── Task input
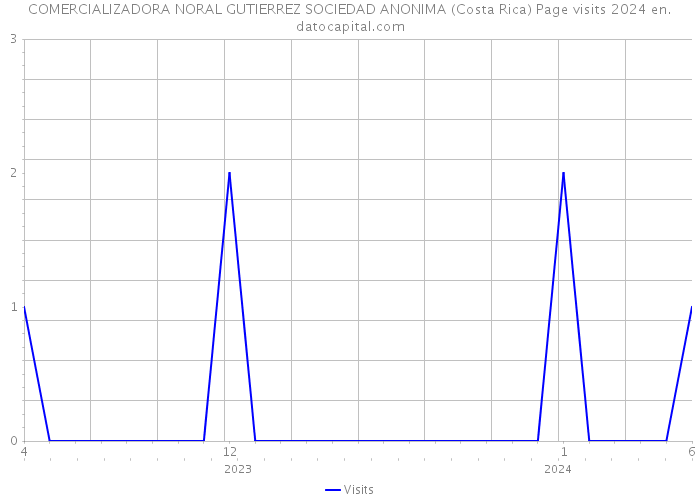 COMERCIALIZADORA NORAL GUTIERREZ SOCIEDAD ANONIMA (Costa Rica) Page visits 2024 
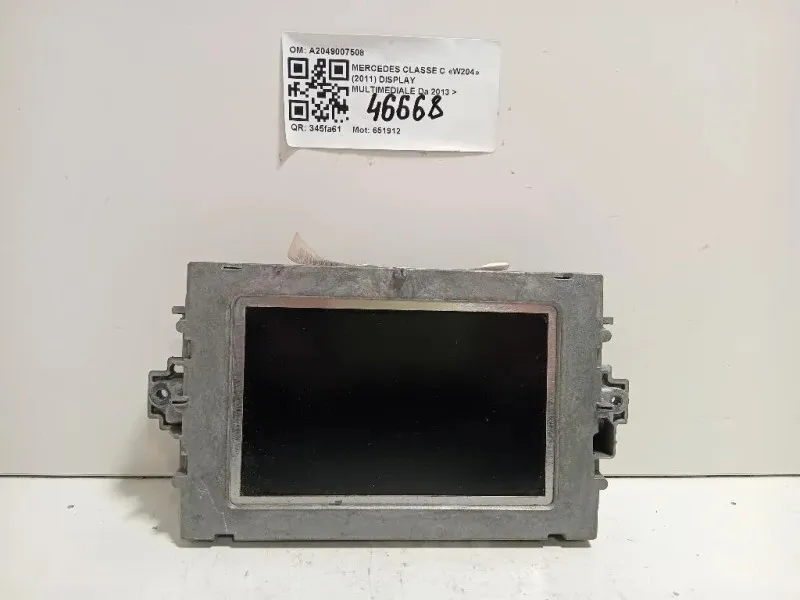 Display Multimediale A2049007508 Mercedes Classe C W204 2011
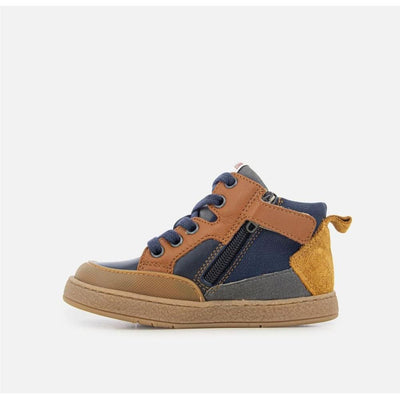 Pom D'api Mousse Bump Marine - Camel - Studio Play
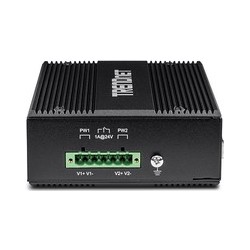 TRENDnet TI-UPG62 - Switch - nicht verwaltet - 4 x 10/100/1000 (PoE+) + 2 x Gigabit SFP - an DIN-Schiene montierbar, wandmontie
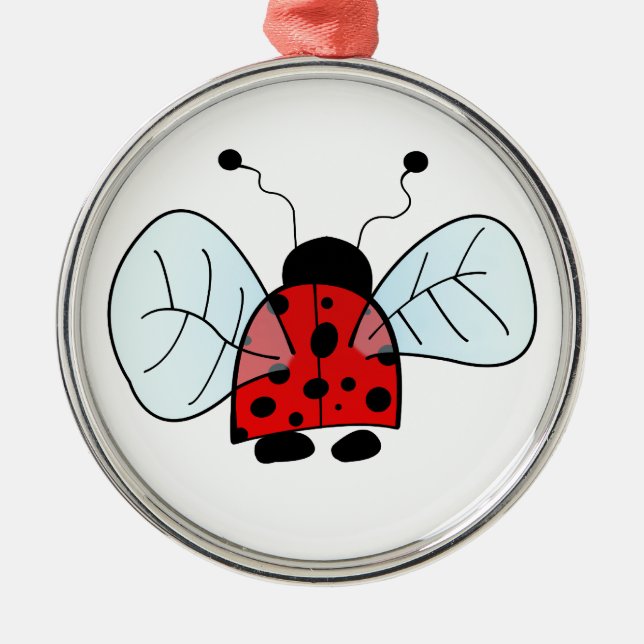 Ladybird Metal Ornament (Front)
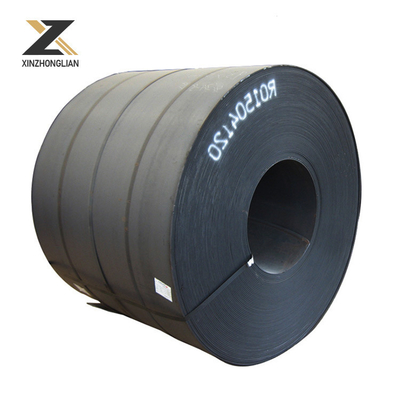 S235JR A36 St37 Q235 SS400 Bobina de acero laminada en caliente para rendimiento normal o aceitado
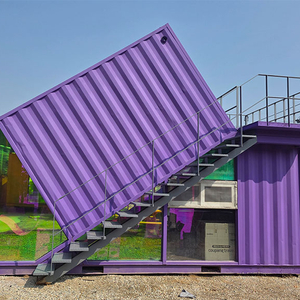 3X6 높이 4.5m A급 보라색 컨테이너 세컨하우스 캠핑 개조 이미지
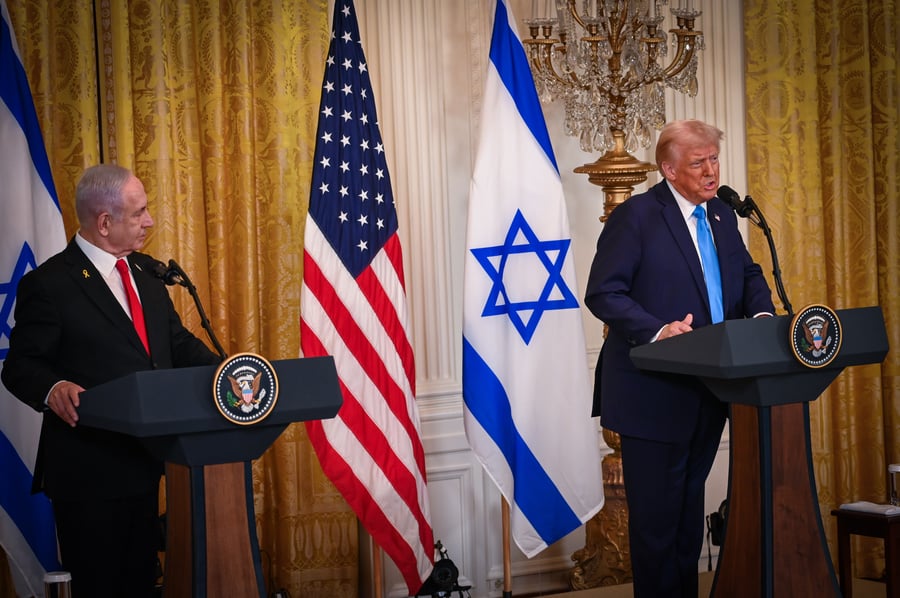 טראמפ ונתניהו, הלילה בבית הלבן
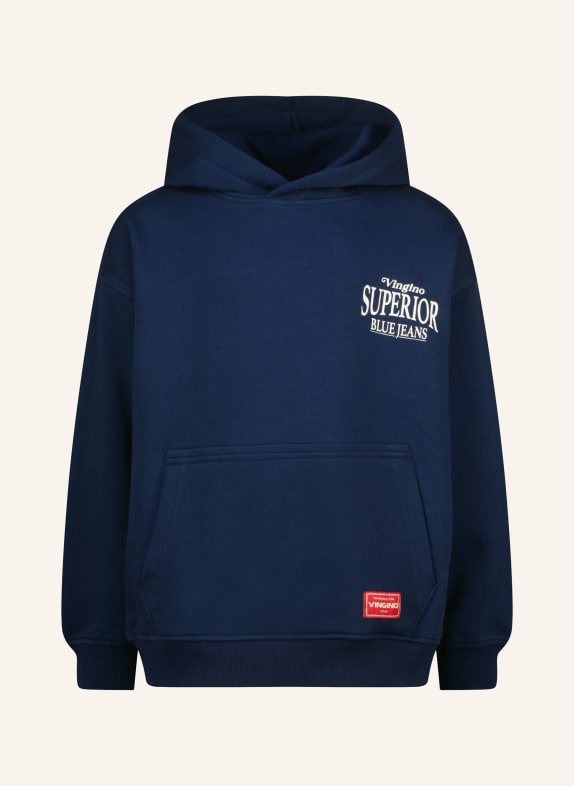 VINGINO Bluza z kapturem NOKA GRANATOWY / CIEMNOCZERWONY / BIAŁY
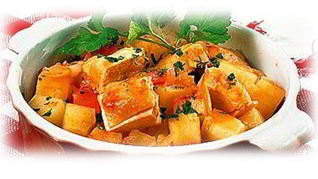 Жаркое из баранины со стручковой фасолью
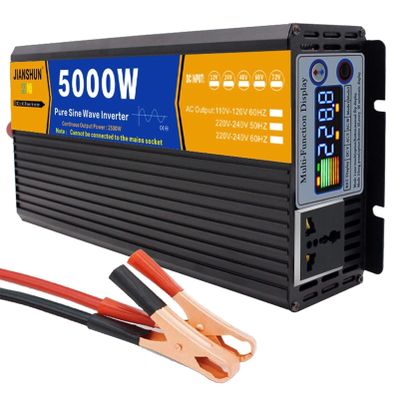 3000W 4000W 5000W Car Solar Power Inverter DC 12V/24V/48V/60V/72V Pure Sine Wave Inverter Charger Split Phase DC Input AC Output 120V/240V Low Frequency Solar Power Inverter Converter(5000W,72Vto110V)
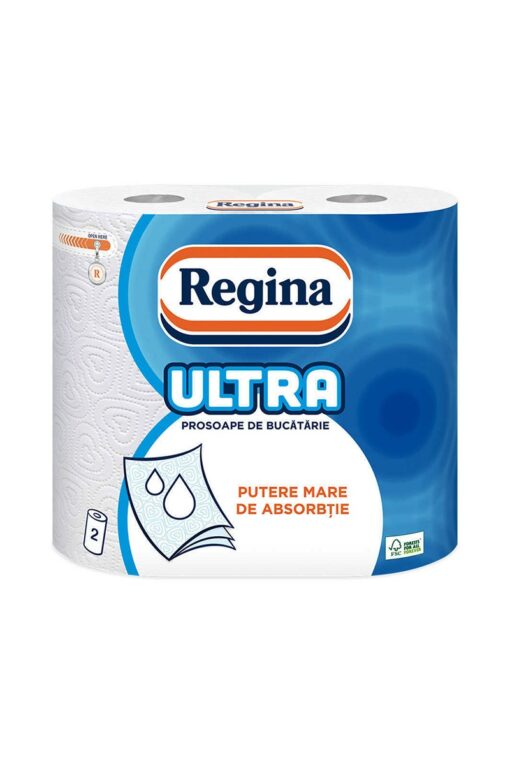 Prosoape de hartie Regina Ultra 2 role, 3 straturi
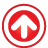 frame, navigation, Basic, Up, red Icon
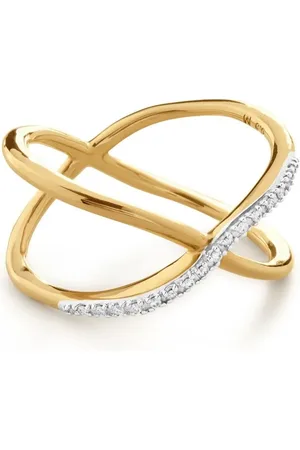 Monica Vinader Anillo Riva con diamante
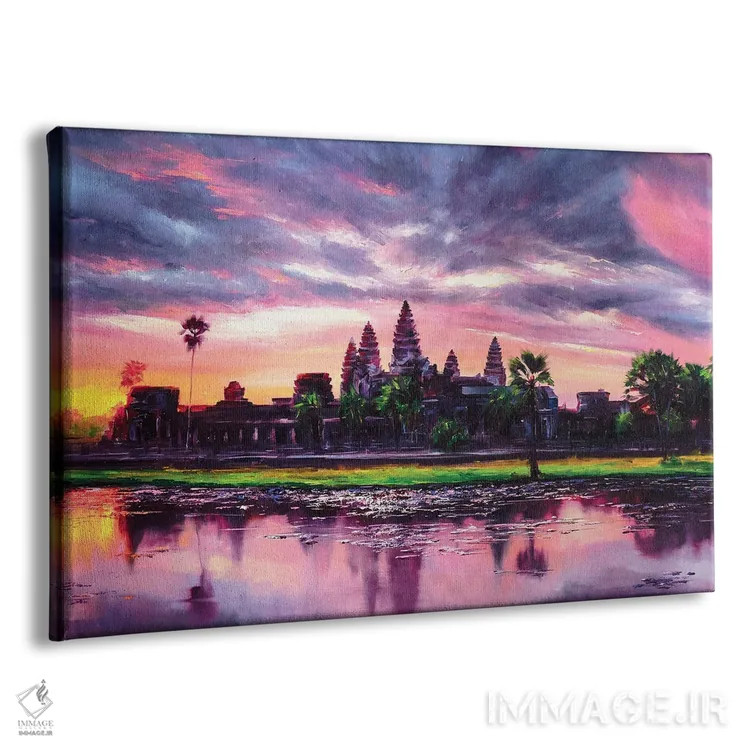 تابلو آنگکور وات (معبد کامبوج) اثر بُژنا فوخس - نمای پرسپکتیو محصول
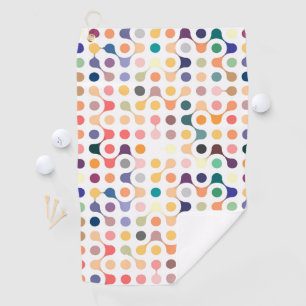 Serviette De Golf Motif de structure moléculaire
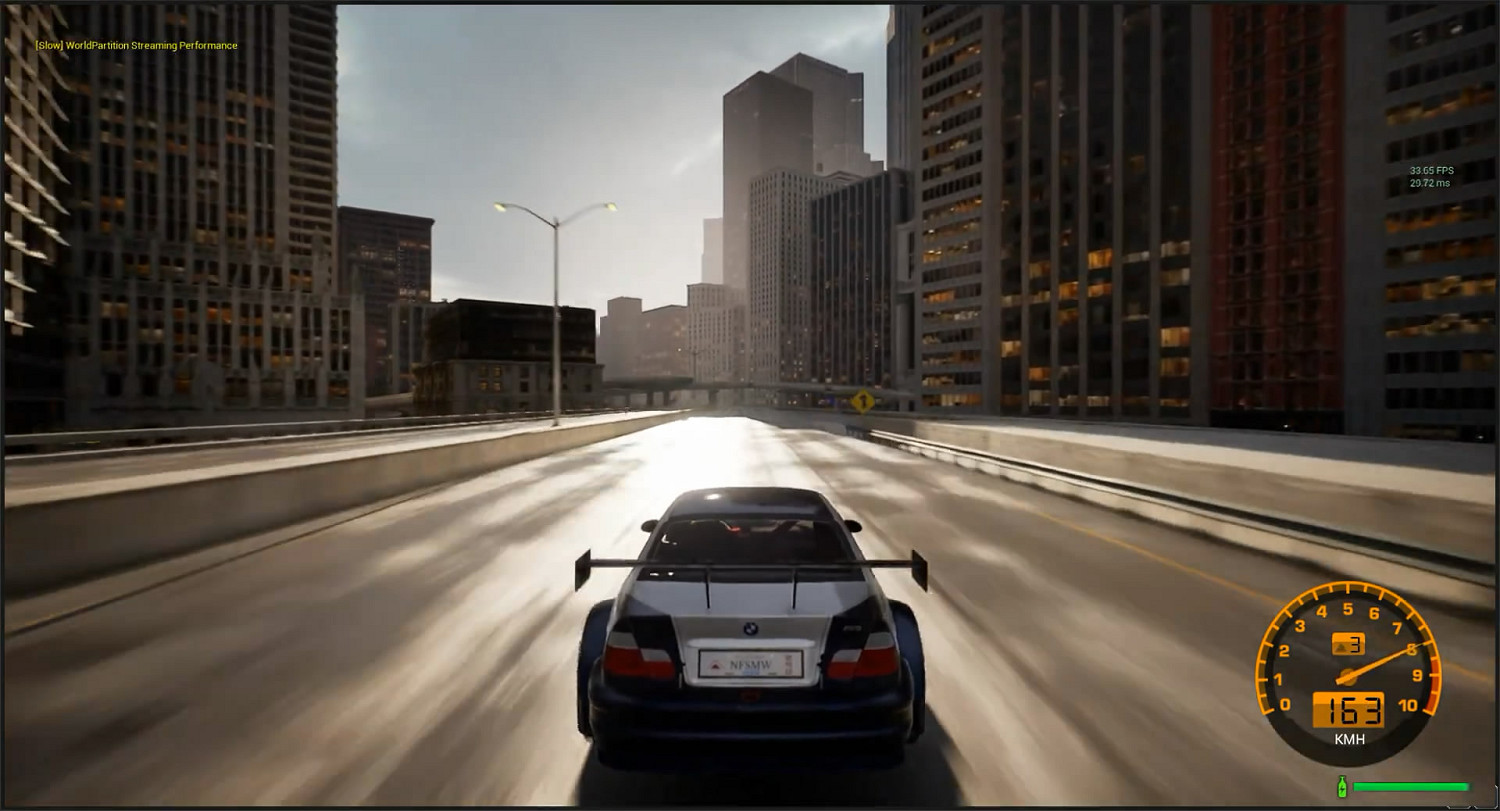 畫面超逼真！藝術家虛幻5重製《極速快感9》試玩展示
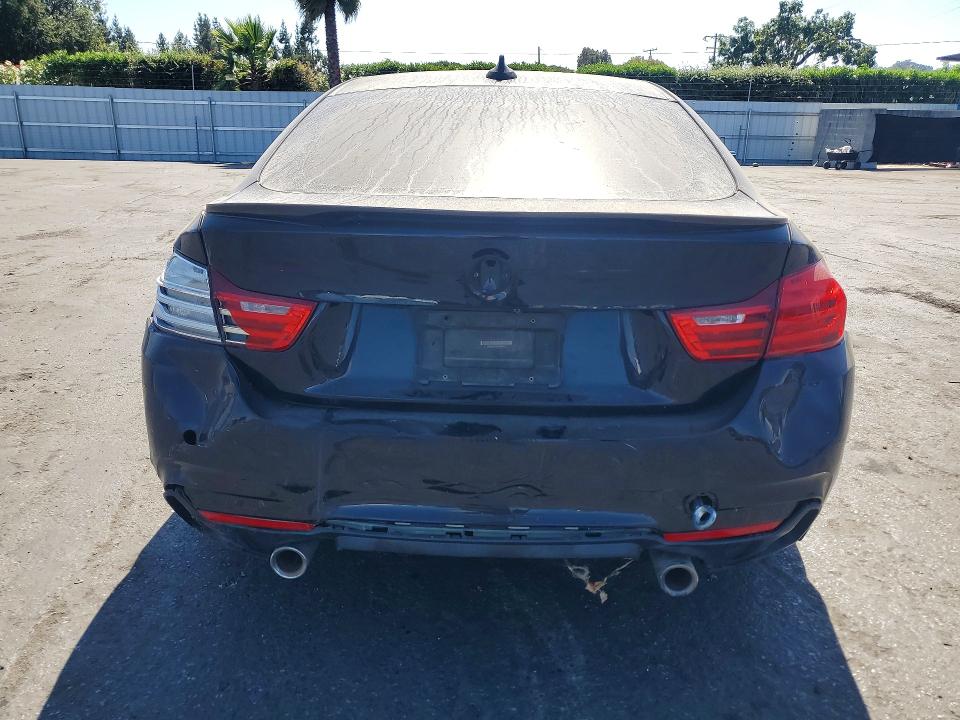 2017 BMW 4er VIN WBA4E3C36HG826331 COPART salvage auction — FRONT END, Ca - Dis/Dlr/Exp Only Clean Title, sold $1,450 on 2026-07-28 (photo 6)
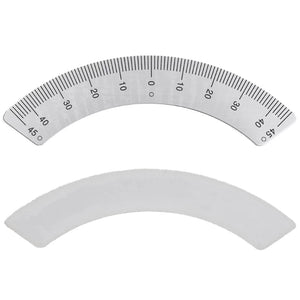 45-0-45 Angle Plate Scale Angle Arc Ruler M1197 Measuring Gauging Tools Protractors Milling Machine Part
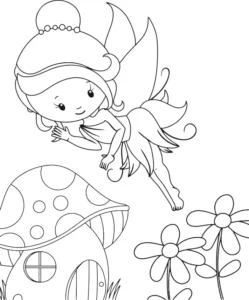 Free Fairy Picture To Color In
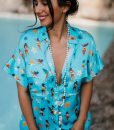 Prêt à porter Robe Wild Clothilde Bleu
────
## Task directions
In your copy of the entries above, keep the text exact and leave out the pictures.

## Solution to this problem
 COMERCIALIZADORA NORAL GUTIERREZ SOCIEDAD ANONIMA (Costa Rica) Page visits 2024 
 Display Multimediale A2049007508 Mercedes Classe C W204 2011
 Pom D'api Mousse Bump Marine - Camel - Studio Play
 TRENDnet TI-UPG62 - Switch - nicht verwaltet - 4 x 10/100/1000 (PoE+) + 2 x Gigabit SFP - an DIN-Schiene montierbar, wandmontie
 Ladybird Metal Ornament (Front)
 S235JR A36 St37 Q235 SS400 Bobina de acero laminada en caliente para rendimiento normal o aceitado
 3X6 높이 4.5m A급 보라색 컨테이너 세컨하우스 캠핑 개조 이미지
 טראמפ ונתניהו, הלילה בבית הלבן
 VINGINO Bluza z kapturem NOKA GRANATOWY / CIEMNOCZERWONY / BIAŁY
 Жаркое из баранины со стручковой фасолью
 3000W 4000W 5000W Car Solar Power Inverter DC 12V/24V/48V/60V/72V Pure Sine Wave Inverter Charger Split Phase DC Input AC Output 120V/240V Low Frequency Solar Power Inverter Converter(5000W,72Vto110V)
 Prosoape de hartie Regina Ultra 2 role, 3 straturi
 frame, navigation, Basic, Up, red Icon
 Monica Vinader Anillo Riva con diamante
 تابلو آنگکور وات (معبد کامبوج) اثر بُژنا فوخس - نمای پرسپکتیو محصول
 Serviette De Golf Motif de structure moléculaire
 畫面超逼真！藝術家虛幻5重製《極速快感9》試玩展示
 2017 BMW 4er VIN WBA4E3C36HG826331 COPART salvage auction — FRONT END, Ca - Dis/Dlr/Exp Only Clean Title, sold $1,450 on 2026-07-28 (photo 6)
 45-0-45 Angle Plate Scale Angle Arc Ruler M1197 Measuring Gauging Tools Protractors Milling Machine Part
 Free Fairy Picture To Color In
 Prêt à porter Robe Wild Clothilde Bleu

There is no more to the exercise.